Zookeepers Come To Aid Of Georgian Zoo After Flood

After severe floods in Tbilisi, Georgia, elite zookeepers from the Prague Zoo help exhume hundreds of animal bodies from the waist-deep muck.

As soon as he heard about the catastrophic floods and escaped zoo animals in Tbilisi, Georgia, the director of the Prague Zoo, Miroslav Bobek, sent a team of seven experienced zookeepers to help.

The deluge destroyed homes and buildings, and killed as many as 19 people. The situation was made worse by the hundreds of zoo animals that escaped during the floods and roamed the streets. Police have shot several, including a white tiger that killed a man Wednesday.

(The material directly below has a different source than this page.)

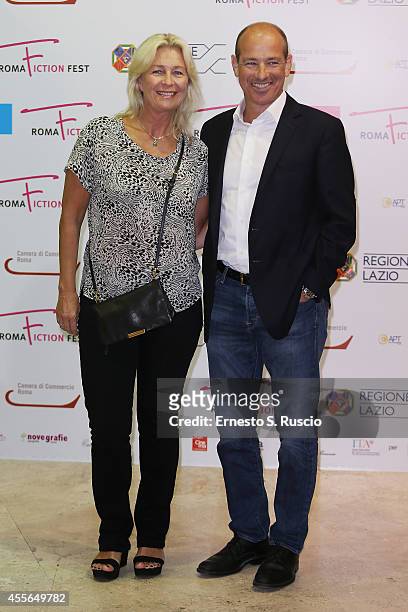 Marianne Gray and Howard Gordon attend the 'Panel Political Drama' photocall at Auditorium Parco Della Musica on September 18, 2014 in Rome, Italy.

The zookeepers Bobek sent have flood experience. Prague Zoo was previously hit by severe floods in 2002 and in 2013. National Geographic spoke with Bobek about the challenges his colleagues face in Tbilisi. (Read our explorer Paul Salopek's take on the Tbilisi flood.)

What are the zookeepers you sent doing to help?

Right now our colleagues are extricating the cadavers of animals from mud. The mud in the zoo is waist-deep, and our people have to help each other to get out of it. A man stays still for a while and he starts disappearing like in sand dunes. Some time earlier, our people were cleaning penguins from motor oil.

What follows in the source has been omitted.